_Exercise goal_: Search the data for "Brown". Each line containing it is to be copied.

[Short text fragments from websites]
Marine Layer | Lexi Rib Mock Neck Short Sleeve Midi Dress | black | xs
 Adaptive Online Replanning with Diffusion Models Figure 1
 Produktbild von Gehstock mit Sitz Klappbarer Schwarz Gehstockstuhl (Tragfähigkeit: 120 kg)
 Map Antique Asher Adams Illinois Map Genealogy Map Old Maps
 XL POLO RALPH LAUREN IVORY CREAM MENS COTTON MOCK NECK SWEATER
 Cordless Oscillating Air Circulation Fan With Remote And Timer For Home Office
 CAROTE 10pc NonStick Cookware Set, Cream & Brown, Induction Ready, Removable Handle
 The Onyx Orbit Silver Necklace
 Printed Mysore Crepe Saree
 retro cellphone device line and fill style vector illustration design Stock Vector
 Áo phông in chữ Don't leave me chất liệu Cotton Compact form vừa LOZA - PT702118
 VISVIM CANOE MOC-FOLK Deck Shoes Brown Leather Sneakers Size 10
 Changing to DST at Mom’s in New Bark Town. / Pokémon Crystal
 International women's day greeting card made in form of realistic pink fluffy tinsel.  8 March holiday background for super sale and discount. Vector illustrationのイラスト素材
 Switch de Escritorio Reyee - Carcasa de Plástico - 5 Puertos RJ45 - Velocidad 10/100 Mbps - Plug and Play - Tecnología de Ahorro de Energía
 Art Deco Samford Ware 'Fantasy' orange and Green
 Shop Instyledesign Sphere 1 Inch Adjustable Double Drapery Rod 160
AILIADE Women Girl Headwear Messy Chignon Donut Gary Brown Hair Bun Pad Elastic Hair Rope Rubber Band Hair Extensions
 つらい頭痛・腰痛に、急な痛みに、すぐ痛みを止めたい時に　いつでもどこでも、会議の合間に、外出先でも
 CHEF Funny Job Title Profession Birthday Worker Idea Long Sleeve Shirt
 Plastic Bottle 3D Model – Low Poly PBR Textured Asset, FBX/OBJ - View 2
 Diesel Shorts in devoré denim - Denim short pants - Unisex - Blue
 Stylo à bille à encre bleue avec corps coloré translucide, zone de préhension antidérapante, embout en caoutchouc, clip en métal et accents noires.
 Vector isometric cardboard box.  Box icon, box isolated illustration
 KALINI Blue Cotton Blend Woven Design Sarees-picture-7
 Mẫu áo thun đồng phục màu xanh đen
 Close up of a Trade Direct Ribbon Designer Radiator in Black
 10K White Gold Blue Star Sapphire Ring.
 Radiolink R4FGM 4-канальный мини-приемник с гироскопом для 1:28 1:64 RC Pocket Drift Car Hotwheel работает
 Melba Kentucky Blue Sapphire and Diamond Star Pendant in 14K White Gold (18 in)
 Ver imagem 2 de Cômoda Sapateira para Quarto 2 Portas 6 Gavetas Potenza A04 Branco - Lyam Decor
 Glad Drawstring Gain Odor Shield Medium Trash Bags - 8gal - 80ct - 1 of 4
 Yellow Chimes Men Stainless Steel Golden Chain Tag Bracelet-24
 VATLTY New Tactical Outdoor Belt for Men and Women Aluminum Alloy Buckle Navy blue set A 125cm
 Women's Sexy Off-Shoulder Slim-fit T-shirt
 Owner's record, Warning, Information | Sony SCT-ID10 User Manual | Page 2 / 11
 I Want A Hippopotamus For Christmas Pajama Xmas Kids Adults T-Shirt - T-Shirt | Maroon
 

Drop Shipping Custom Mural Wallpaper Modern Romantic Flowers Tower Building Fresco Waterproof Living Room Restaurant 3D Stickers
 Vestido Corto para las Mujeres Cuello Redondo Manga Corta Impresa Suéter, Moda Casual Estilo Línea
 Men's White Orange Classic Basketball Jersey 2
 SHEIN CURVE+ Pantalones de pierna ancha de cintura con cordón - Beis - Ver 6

_Output of the exercise_:
 CAROTE 10pc NonStick Cookware Set, Cream & Brown, Induction Ready, Removable Handle
 VISVIM CANOE MOC-FOLK Deck Shoes Brown Leather Sneakers Size 10
AILIADE Women Girl Headwear Messy Chignon Donut Gary Brown Hair Bun Pad Elastic Hair Rope Rubber Band Hair Extensions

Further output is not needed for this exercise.